If it is a single stem cut it back to about 220mm high, or if it has branches cut off the tips of any new shoots. Start a fig tree in your greenhouse in a 300mm pot, transferring it to a 600mm or larger one when required. When you transfer the plant to another pot always plant it 25mm to 50mm deeper than it was in the previous pot to encourage new growth. Also, always use clay/terracotta pot or a wooden planter, not plastic, as the natural materials are better insulators for the young plant being cooler in summer but warmer in winter.
Use a soil based compost well firmed down to about 25mm below the pot top and after an initial good watering - keep it moist, adding plenty of broken tiles or stones at the bottom of the pot or planter for drainage. Expect growth to start around March with foliage and fruit starting to appear around July. When the fruit starts to be produced give it a regular feed of a high potash fertilizer or tomato feed.
An outdoor fig tree planted in a position in the garden giving it plenty of sun will quite happily grow to 3m in height and have a spread of up to 5m. So, when planting fig trees make sure you’re giving them plenty of room to grow into and dominate. Although they like being against a wall for the reflected heat they get and protection from winds, walls can inhibit the root growth making them unstable.
So, despite being a hardy plant in extreme northerly locations protect the fig tree over winter with layers of a windbreak type of plant blanketing. This precaution should only be needed during the real depth of the winter and can usually be safely removed by March. Make sure you give the tree a good mulching in either March or April, ahead of the main growing season, other than that there’s very little you need to do in terms of further cultivation.

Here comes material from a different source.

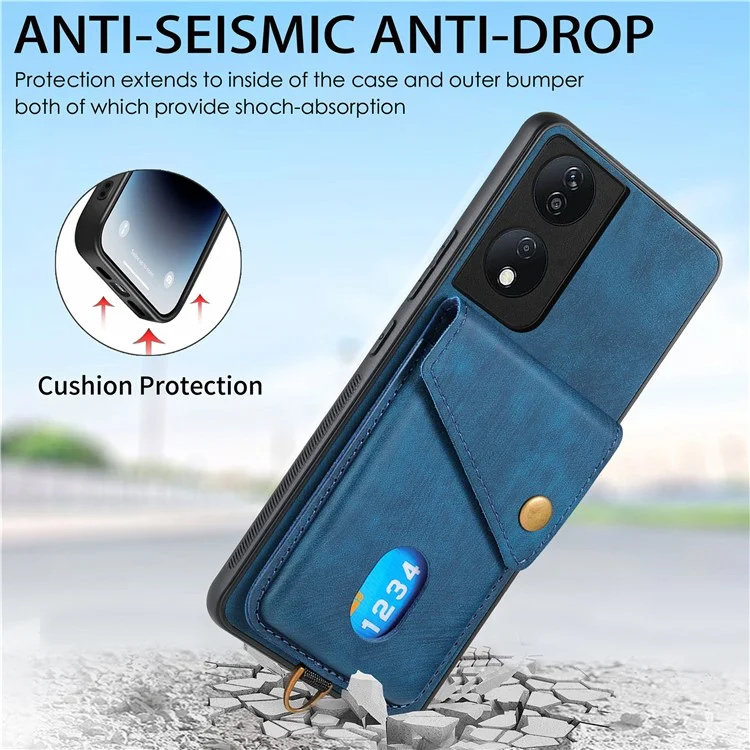D1 For Honor X7b 4G / 90 Smart Case Custodia in pelle + TPU Retro Cover per telefono Portacarte - Nero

If you want to use figs as bushes in a border they don’t fare very well in light soils as the roots don’t bind well. You can have figs in a light soil border but you’ll need to either artificially make the earth heavier or, a better idea is to, put them in planters about 3m apart. The planter needs an annual mulching too and any pruning to maintain the bush shape should be done before the main growing season.
If you can manage to move large planters around it’s probably best to grow your fig trees in planters so that they can spend the warm months outdoors and the colder ones indoors in the greenhouse. A bonus for doing this is that an outdoor fig tree will fruit once a year whereas a greenhouse one will fruit twice.
The fruit can be picked when the fruit hangs down and the stalks are bending; you’ll also see the eye at the bottom of the fig fruit open and drip sugar. The main threat to fig trees is fig rust, a mottling of the leaves caused by getting over wet in growing seasons of heavy rain, which can be treated with a copper fungicide.